Data to use:
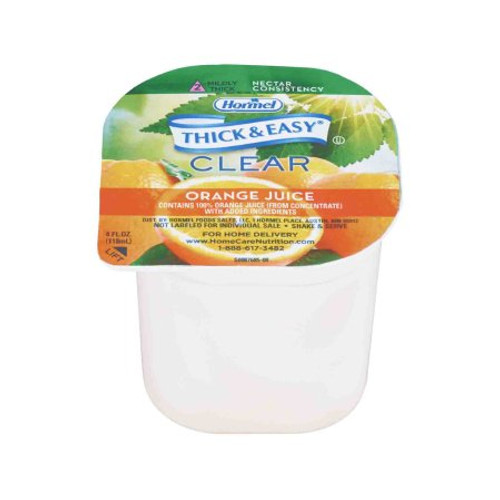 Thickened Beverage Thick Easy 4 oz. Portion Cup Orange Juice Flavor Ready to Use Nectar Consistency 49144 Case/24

* * *

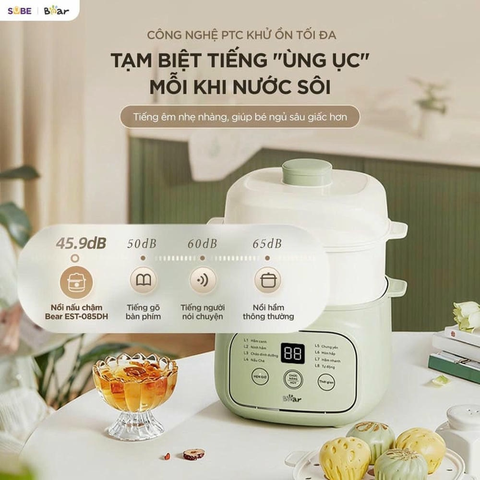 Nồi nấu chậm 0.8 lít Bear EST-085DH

==

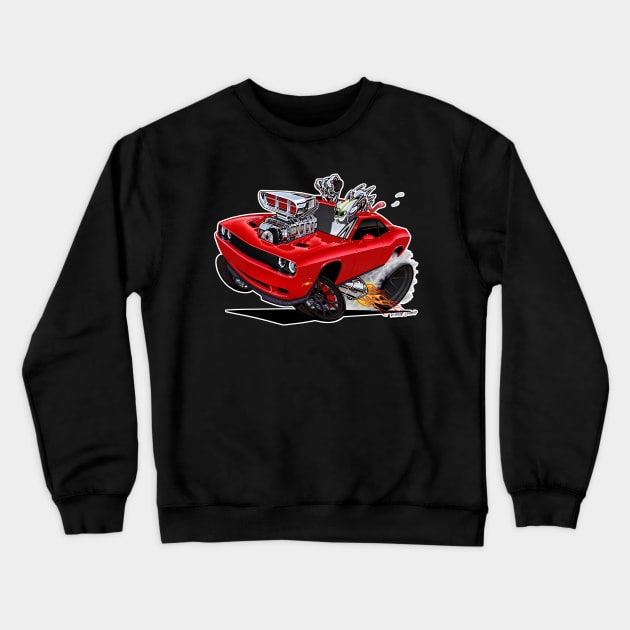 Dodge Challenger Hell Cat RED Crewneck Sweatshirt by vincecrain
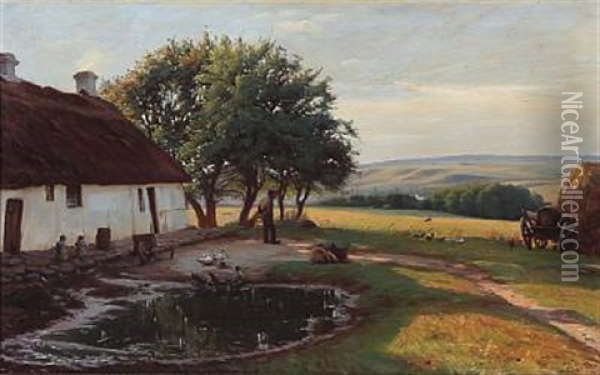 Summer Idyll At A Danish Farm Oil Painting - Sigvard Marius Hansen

Assignment: Restate word for word the lines of the data above that begin at the line with "Dodge Challenger Hell" and end at the line with "Summer Idyll At", keeping both ends and dropping every picture.

Solved exercise:
 Dodge Challenger Hell Cat RED Crewneck Sweatshirt by vincecrain
 Summer Idyll At A Danish Farm Oil Painting - Sigvard Marius Hansen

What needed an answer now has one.